Bijection and loss

This page reads bottom-up. It starts from the eight Transfer operations (the library-science primitives you already configure in the rule editor — identity, truncation, marker-only, etc.), and builds up to the abstract vocabulary that shows up in the typed-model design — cardinality (the shape of the mapping: 1:1, many:1, or 1:many), bijective (round-trip: forward then inverse gets you back to the original), “lossy direction,” “round-trip.” The abstract terms aren’t separate ideas — they’re properties of those eight ops. Reading the ops first makes the rest much shorter.

Start from the primitives

The eight transfer ops are the only ways a Folder Tag Sync rule can map between folder structure and tag structure. Everything else on this page is a property of a (rule + transfer-op) combination.

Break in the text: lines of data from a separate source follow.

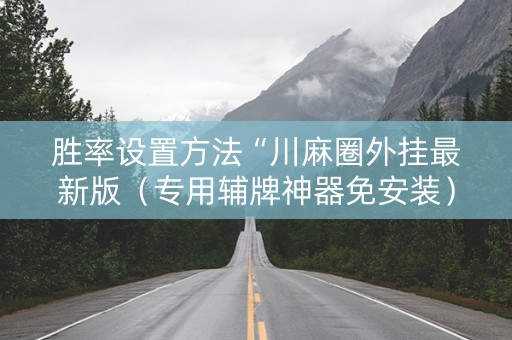 胜率设置方法“川麻圈外挂最新版（专用辅牌神器免安装）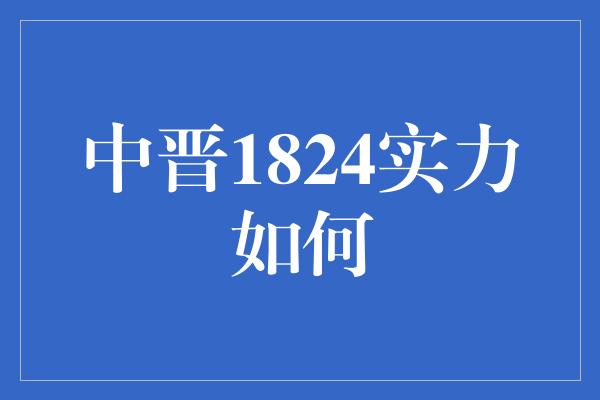 中晋1824实力如何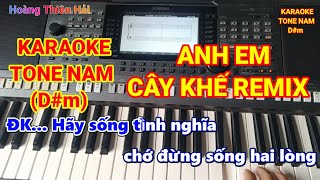 KARAOKE | ANH EM CÂY KHẾ  REMIX | TONE NAM (D#m) DJ CỰC HAY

Transfer op	What it does to hierarchy	Lossless?
`identity`	preserves full depth on both sides	yes (when transforms are reversible)
`truncation` (`tailHandling: drop`)	rejects paths deeper than `depth`; matches only what fits	yes — within the depth-bounded domain
`truncation` (`tailHandling: aggregate`)	joins deeper segments into one (N+1)th term with a separator	no — separator/segment ambiguity
`truncation` (`tailHandling: flatten`)	drops middle segments; keeps the leaf folder name	no — middle ancestry is gone
`marker-only`	one fixed tag for the entry folder and everything beneath	no — many sources, one tag
`promotion-to-root`	only the first segment after the entry becomes the tag	no — deeper structure dropped
`flattening-to-leaf`	only the leaf folder name becomes the tag	no — ancestry dropped
`aggregation`	whole path joined with separator into one tag segment	no — separator/segment ambiguity
`post-coordination`	N independent flat tags, one per level	no in tag→folder direction (which folder do N tags map to?)
`opaque`	no tag is emitted	n/a — no transfer happens

Read this table once and the rest of the page follows.

Forward direction vs. inverse direction

A rule has two directions. They are not the same operation; they are two different functions that share a vocabulary.

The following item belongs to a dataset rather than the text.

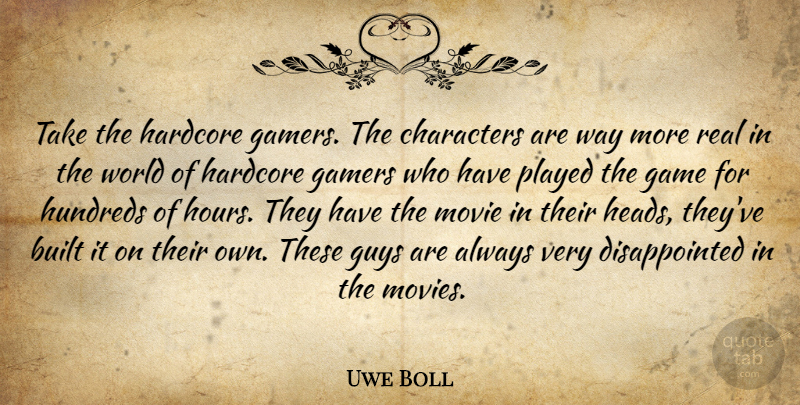 Uwe Boll Quote About Built, Characters, Gamers, German Director, Guys: Take The Hardcore Gamers The...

Forward direction: folder → tag. A file moves into a folder; the engine emits tags into the file’s frontmatter.
Inverse direction: tag → folder. A user adds a tag to a file; the engine moves the file (or proposes a move) to the matching folder.

A rule’s direction field declares which directions are wired up: 'folder-to-tag', 'tag-to-folder', or 'bidirectional'. The bidirectional case is where determinism matters — and where the per-op behavior splits.

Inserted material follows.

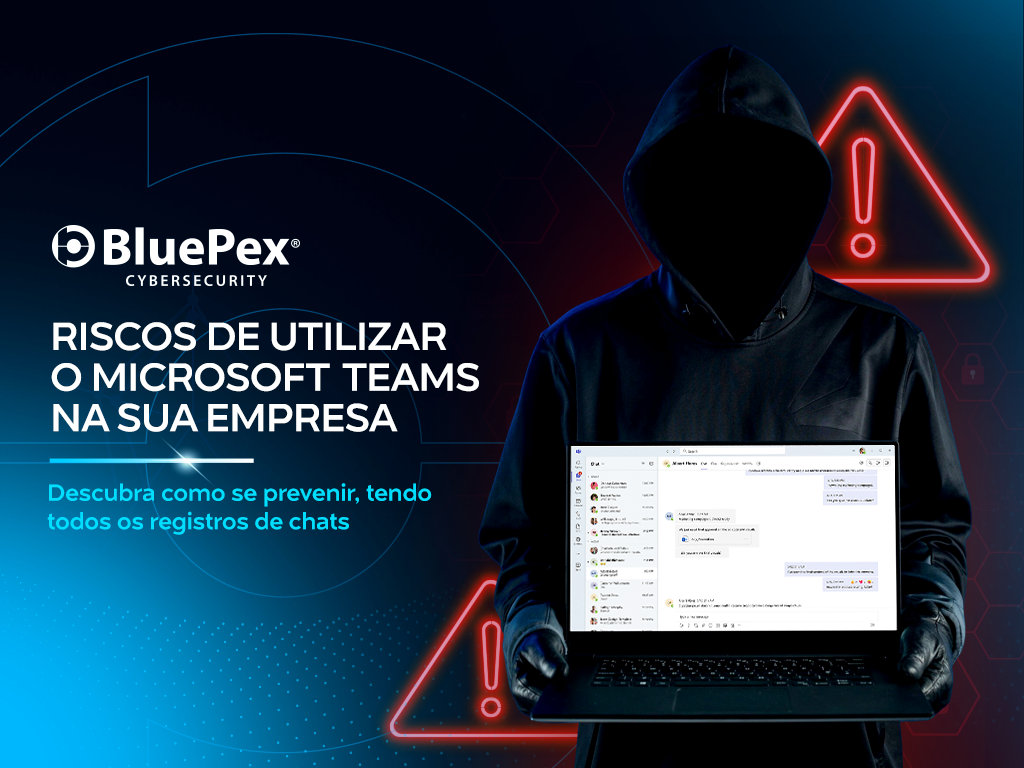 Você conhece os riscos de não ter registros dos chats do Microsoft Teams na sua empresa?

Concrete example with identity:

folder: Projects/Web Auth/oauth-flow.md
forward (identity, kebab-case):  →  #projects/web-auth/oauth-flow
inverse (identity, Title Case):  ←  Projects/Web Auth/oauth-flow

Both directions reproduce each other — given the tag, the inverse direction reconstructs the same folder path that produced it. That’s what bidirectional determinism looks like for an identity rule.

Concrete example with truncation (tailHandling: 'drop'):

folder: Capture/Clips/Web/React/Hooks/note.md
forward (truncation depth 2 drop):
   → does NOT match (path is too deep; the rule's pattern rejects it)

folder: Capture/Clips/Web/React/note.md
forward (truncation depth 2 drop):  →  #-clip/web/react
inverse:                            ←  Capture/Clips/Web/React (then user picks the file)

For paths that match, truncation/drop is fully bijective. For paths that are deeper than the depth cap, the rule simply doesn’t apply — there’s no question of “lossy” because the rule didn’t fire.

Concrete example with marker-only:

folder: Capture/Inbox/scratch.md         forward → #-inbox
folder: Capture/Inbox/2026/Q2/notes.md   forward → #-inbox  ← same tag
folder: Capture/Inbox/projects/auth.md   forward → #-inbox  ← same tag

inverse: #-inbox  →  Capture/Inbox/   ← can recover the entry folder, but not which deeper file produced any given tagged note

Many distinct folders → one tag, by design. The forward direction throws information away (everything below the entry); the inverse can reconstruct the entry but not what was discarded. This is the lossy property, expressed concretely.

Lossless transformation

A transformation is lossless (the original input can be perfectly reconstructed from the output) when forward + inverse round-trip without loss. For every input the rule accepts: inverse(forward(folder)) === folder and forward(inverse(tag)) === tag.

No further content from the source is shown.